Why JPEGs are like McDonalds Apple Pies (and SVGs are not)
Last week we looked at a simple, free SVG editor called Boxy SVG ( it’s here in case you missed it).
I want to follow on from that today. But first, here’s an idea to consider…
SVG isn’t an image format – it’s more of an image recipe
That makes it very different from all the pixel-based formats we’ve used in the past. Let me explain.
You could think of our classic pixel-shuffling image formats – JPEGs, GIFs and PNGs – as being like those McDonald’s Apple Pies. Each comes packaged in precisely fixed amounts. You can’t ask the McDonalds serving staff to whip you up a ‘family-sized’ pie or to rustle up a ‘half-slice’ to have with your coffee.
Well, technically, you can ask but you’ll get a very strange look.
The McDonalds pie is a reasonable serving for one person, but if you need to share it with 2, 3 or more people, you’ll need to stretch your little pie further – i.e. everyone gets less. It is what it is and no more.
But SVG is like having a really good apple pie recipe.
You hold the instructions to make as much – or as little – pie as you want.
Sure, there are numerical amounts written into the recipe – 8 apples, 4 cups of flour and so on. But if you need to feed twice as many people, you just double the measurements. If you want to feed half as many – just halve the numbers. It’s designed to scale.
Not only that – because you control how the pie is made, you can even customize your basic pie recipe for different people’s needs. Maybe Nanna likes a handful of blackcurrants in her pie. Your brother loves custard. Small, thoughtful changes to the original recipe are easy and valuable. Things simply not possible at McDonalds.
Of course, the ‘S‘ part in ‘SVG’ stands for ‘scalable’, and it’s part of what makes SVG so useful for the web. But ‘scalability‘ – alone – doesn’t always mean ‘more usable’. Tiny things are hard to see regardless of how sharp they are. Sometimes we need to change how our layouts are displayed. SVG can help us.
Making Charts with SVG
Here’s an SVG chart that I created using Boxy SVG. It shows the number of mentions of the phrase ‘Star Trek’ and ‘Star Wars’ in books since 1960 (data via Google NGRAM).
You might typically see this type of chart online as a JPEG or PNG – in fact, you can export it from Boxy SVG as a PNG if you wanted to.
Ok, so, why not make it a JPG and be done with it?
Good question.
Reason #1: Compare the File Sizes
The JPEG version is 47kb.
The raw SVG version from Boxy SVG is 14kb (SVG link). There’s also some variation in text positioning between Chrome and Firefox.
With a little tidying, I got it down to 10kb (SVG link). The clean-up has washed out most of the browser text-positioning inconsistencies too.
The Boxy SVG chart isn’t perfect out of the box. View the source and you’ll see:
- some extra empty TSPANs in the text
- the extreme number precision makes numbers longer and more unwieldy than they need to be (tools like SVGO can fix this for you)

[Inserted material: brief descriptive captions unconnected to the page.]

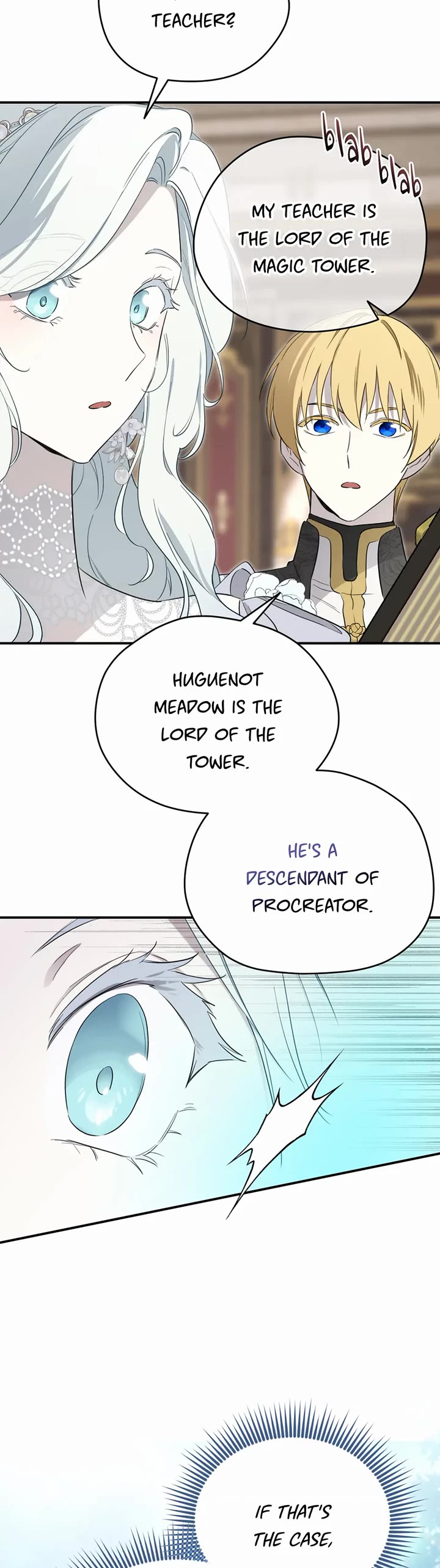I Became the Hero's Mom Chapter 119 page 4 - Chapter 119: The Weapon of a Nonbeliever
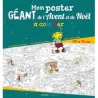 Mon poster géant de l'Avent et de Noël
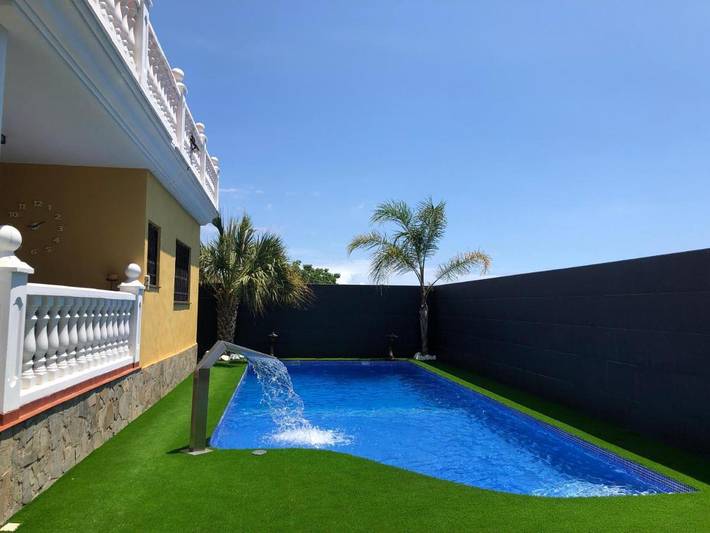 Location de vacances pour 8 personnes, avec jardin et vue ainsi que balcon et piscine à Castellón de la Plana - 4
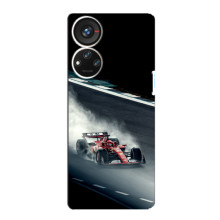 Чехол Формула1 на ZTE Blade V40s – Болид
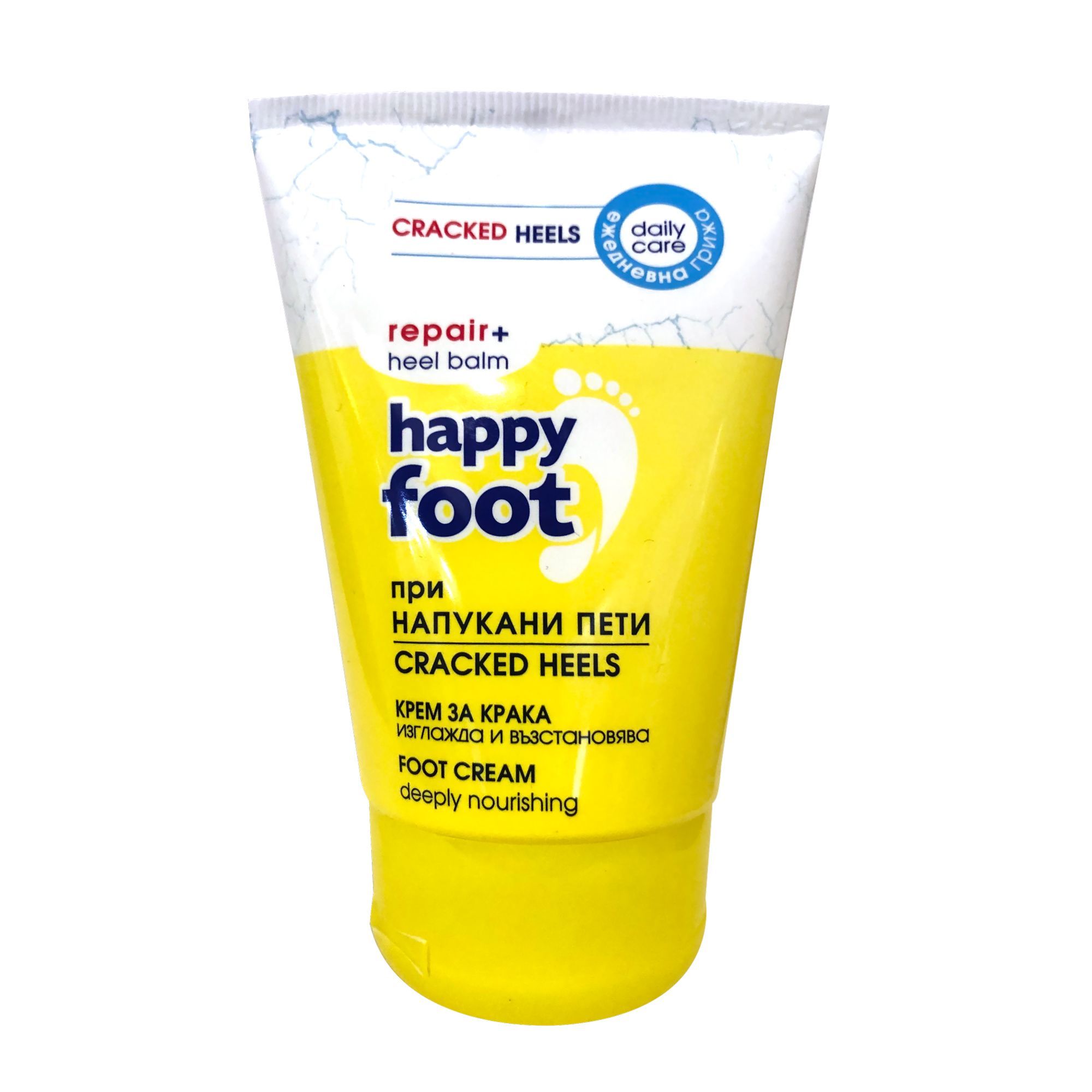 Agiva Happy Foot Крем за крака при напукани пети x100 мл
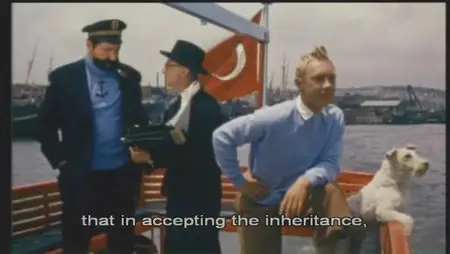 Tintin and the Golden Fleece / Tintin et le Mystère de la Toison d'Or (1961)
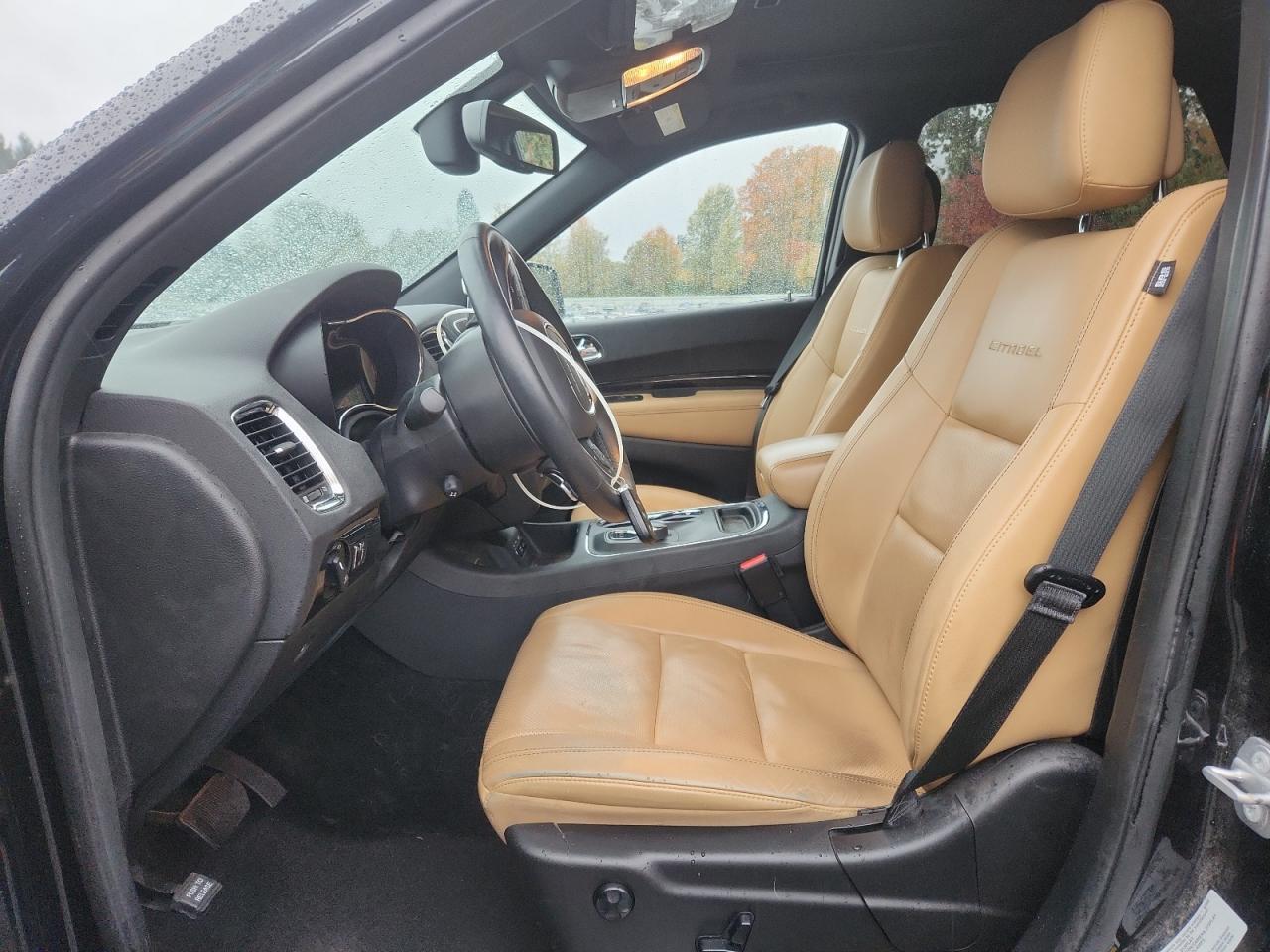 2015 Dodge Durango Citadel VIN: 1C4RDJEG3FC826985 Lot: 91127805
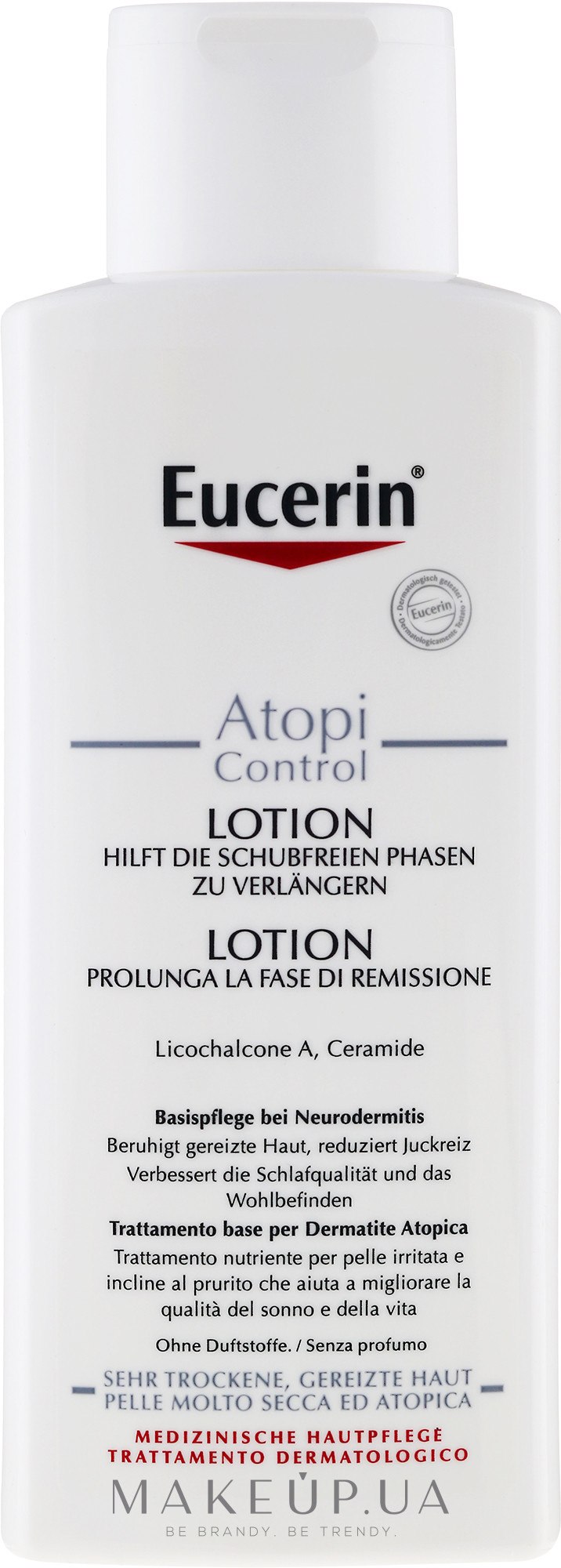 Лосьон для атопичной кожи тела - Eucerin AtopiControl Body Care Lotion — фото 250ml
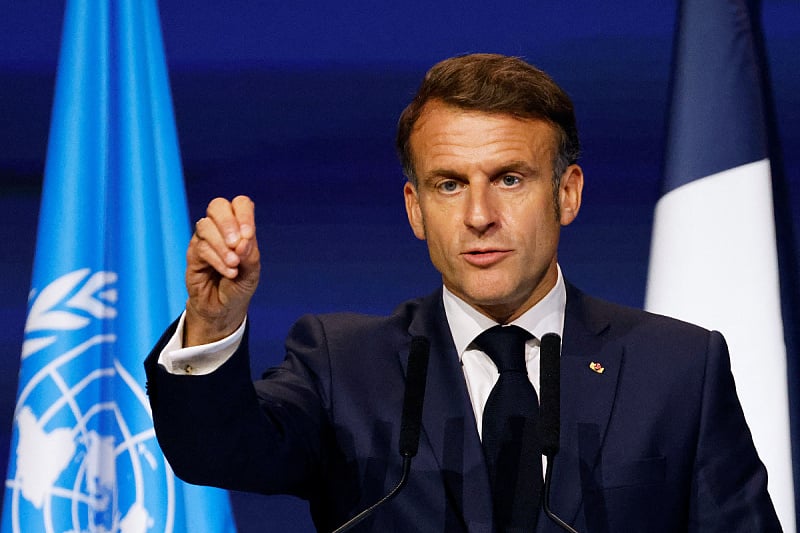 Emmanuel Macron (Foto: Reuters)
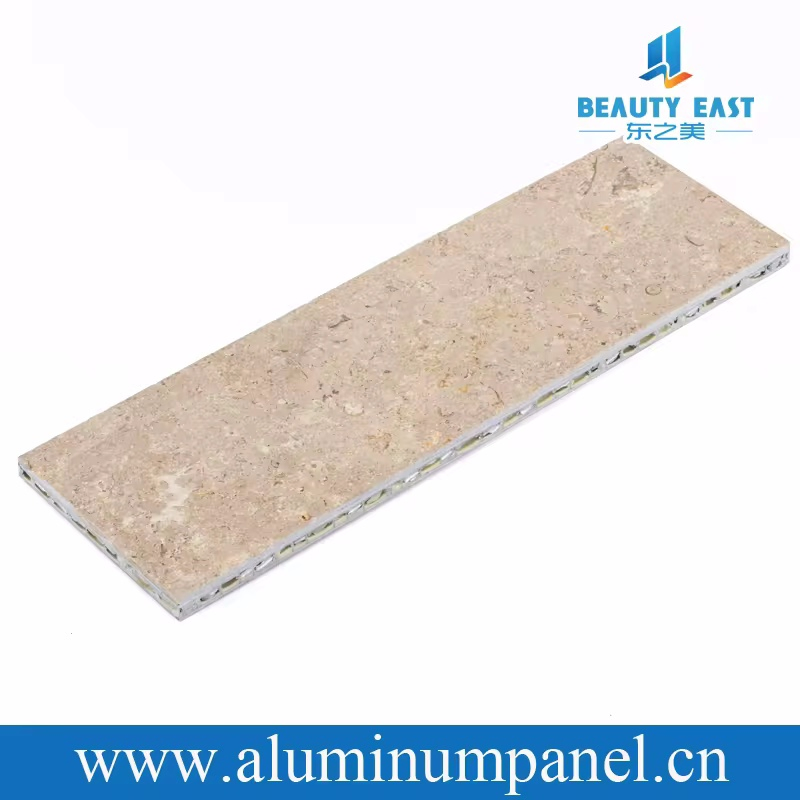 Aluminum Cladding Honeycomb Composite Sandwich Wall Panel for Facades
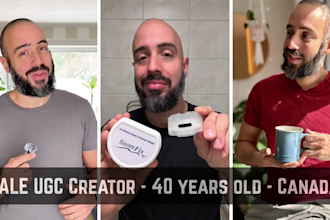 be your male gen x beard and grooming ugc creator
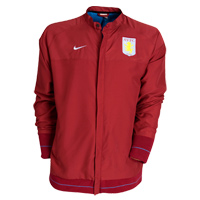Aston Villa Nike 08-09 Aston Villa Lineup Jacket (red)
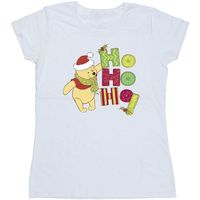 disney camiseta manga larga ho ho ho para mujer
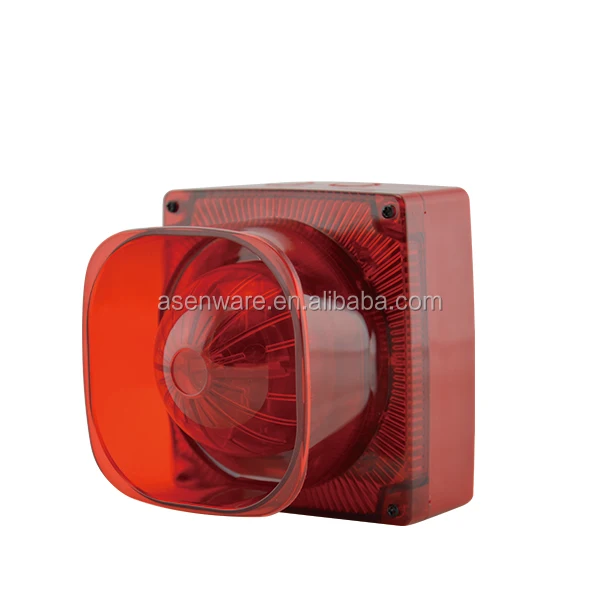 fire alarm audio visual siren conventional horn strobe strobe sounder for sale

- elements moved inside the editor tend to get transforms added to their original X & Y positions. Ideally any repositioning would be made to that original X & Y co-ordinate.
- there are lots of inline properties that can be moved to a STYLE block at the top of the document – more on that next week
All of this is interesting for SVG nerds, but probably not terribly important for designers wanting to use Boxy SVG. Even leaving those small issues untouched, the Boxy SVG file is cleaner and easy-to-read than anything SVG-capable editor that I’ve worked with.
And it’s nearly a third the size of the JPEG before it’s been cleaned up. A little bit of find-and-replace resolves those issues in five minutes.
Of course, either of the SVG files above will still be laser crisp at 2000px (if required) with no increase in file size. The JPEG certainly wouldn’t.
Still, internet speeds are fast – we’re not going to fight over 30kb between friends, are we?
Reason #2: SVG has Non-Scaling Strokes
This is an SVG trick that I only became aware of when playing with Boxy SVG yesterday.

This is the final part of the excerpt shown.